Showing posts with label civil society. Show all posts
Showing posts with label civil society. Show all posts

Monday, March 22, 2010

The Failure of Discourse

I can hardly look at Facebook today. The passage of the health care bill has brought out the worst in us, both those in favor and those opposed. We are awash in words--bitter, angry, sarcastic words. We are only over/against the other. And because of this, we have the lost capacity to hear, to listen, to understand, and with this we have lost the capacity for discourse.

I am not naive about this. In a two-party system, the pressures on language are almost unavoidably negative. Both parties are locked in a language game which is aimed at getting things done. Jurgen Habermas calls this instrumental reasoning. It's a form of reason different than one designed to understand one another. For Habermas, instrumental reason too easily is objectifying, propagandist, and manipulative.

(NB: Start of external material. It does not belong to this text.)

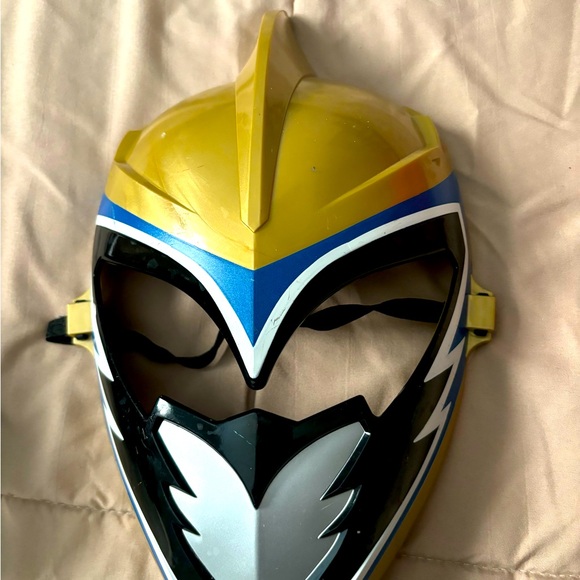 Power Rangers Dino Charge Gold Ranger Mask Halloween 2014 Rare HTF Bandai - Picture 1 of 6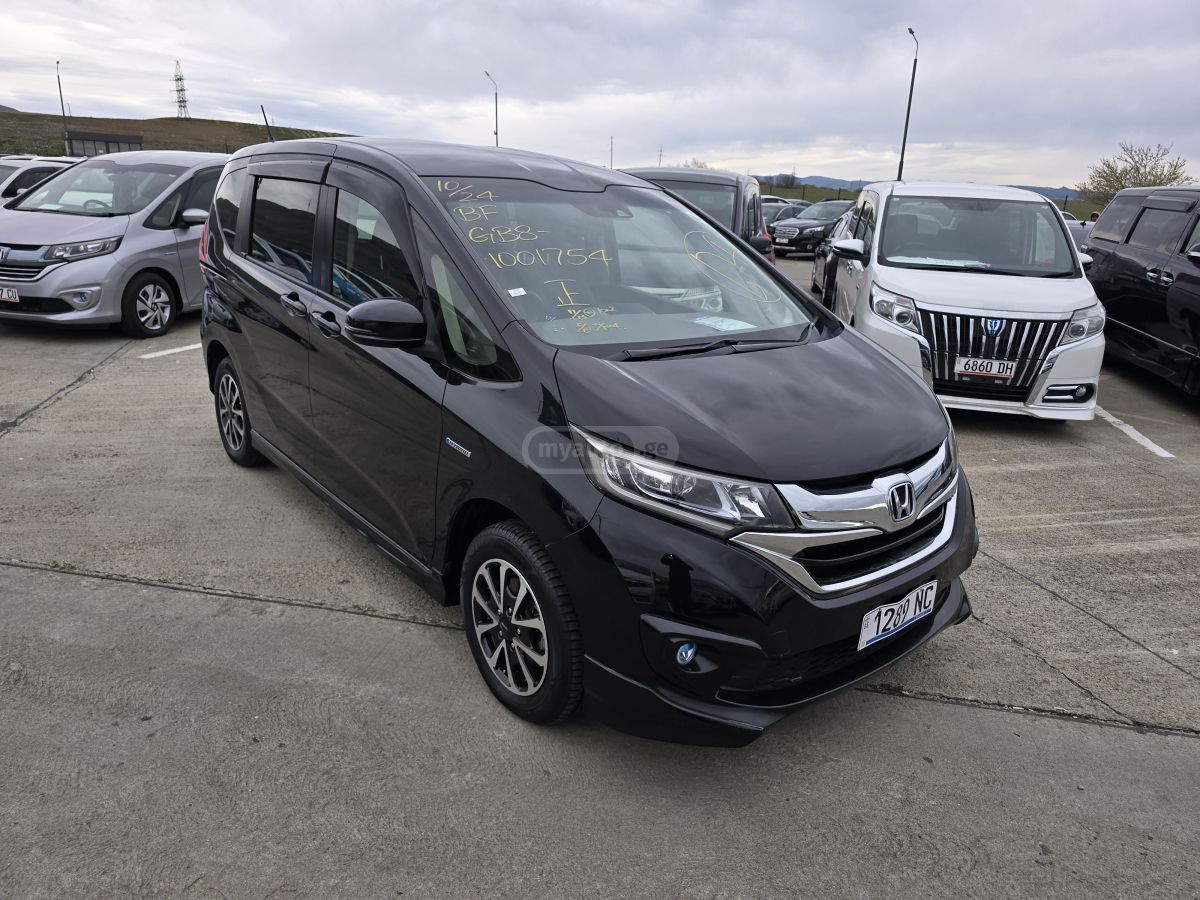 Honda Freed - фото 1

I'm not saying that people in politics are bad people. They aren't. And I'll give all of them a pass at the level of motives (this is naive, I know, but is part of what is required of me as one who follows a crucified God). But they are thrown into a system that forces them to play by a certain set of rules to get things done. They are beholden to principalities and powers that, for both good and bad, are a part of a representative democracy. (Twain's quip that democracy is the worst form of government except for all the others comes to mind here. It was Twain, wasn't it?).

Habermas' hope for discourse lies in what he calls communicative reason--reason designed for understanding one another, not getting things done. And the place he hopes this will occur is in civil society--the public spaces in our society not governed primarily by the state or the economy.

One of my professors, Gary Simpson, sees the church as a public companion in the sphere of civil society. It is a place for the church to be public and moral without lapsing into the snares of partisanship. And part of its role in civil society is to keep the capacity for discourse alive through a posture of openness to the other--a mark of the Trinitarian life of God. I like this understanding of the church and think it corresponds to biblical understandings.

It is striking to me how often Scripture associates righteousness with speech ethics. Evildoers' throats are open graves, according to the Psalms. The righteous, in contrast, have the fruit of praise continually on their lips. And this goes beyond, for me, singing praise songs. This is about refusal of gossip, slander, slurs. Praiseworthy speech is for building up, not tearing down. One of the capacities Christians ought to be able to offer to the world is the ability to keep discourse alive, to stay in conversation without impugning motives or resorting to ad hominem attacks. To disagree without demonizing through sarcasm, sloganeering, etc.

(As an aside, read 2 Cor and notice how often Paul's experience of the death and resurrection is subsequently embodied in the way he speaks--openness, frankness, godly sincerity, not peddler's of God's word, etc).

I am convinced that without this capacity, we lack the ability to discern what it is that God might be up to in the world, and we certainly lose the capacity to say anything meaningful that might pass as "good news." Speech designed to accomplish things forecloses on other possibilities. Discourse designed to understand remains open as long as possible. And gospel as speech category is an open category, designed to open the world to the continuing voice of God. Speech ethics are crucial for this kind of openness.

Facebook is a place within civil society. I am not an idealist like Habermas. I don't think there's a societal "place" where we can retreat from the effects of state or economy, where our speech can be totally free from instrumental concerns. This week, Facebook suggests that instrumental reason trumps communicative even in forums like this, and that Christians are as implicated by this as anyone.

But I hope for more. I do think its possible for the goal of speech in forums like these to be understanding and not convincing. My sense is that people move most when they feel understood, not because they find a particular argument compelling, and certainly not because they've been subjected to fear, sarcasm, gloating, etc.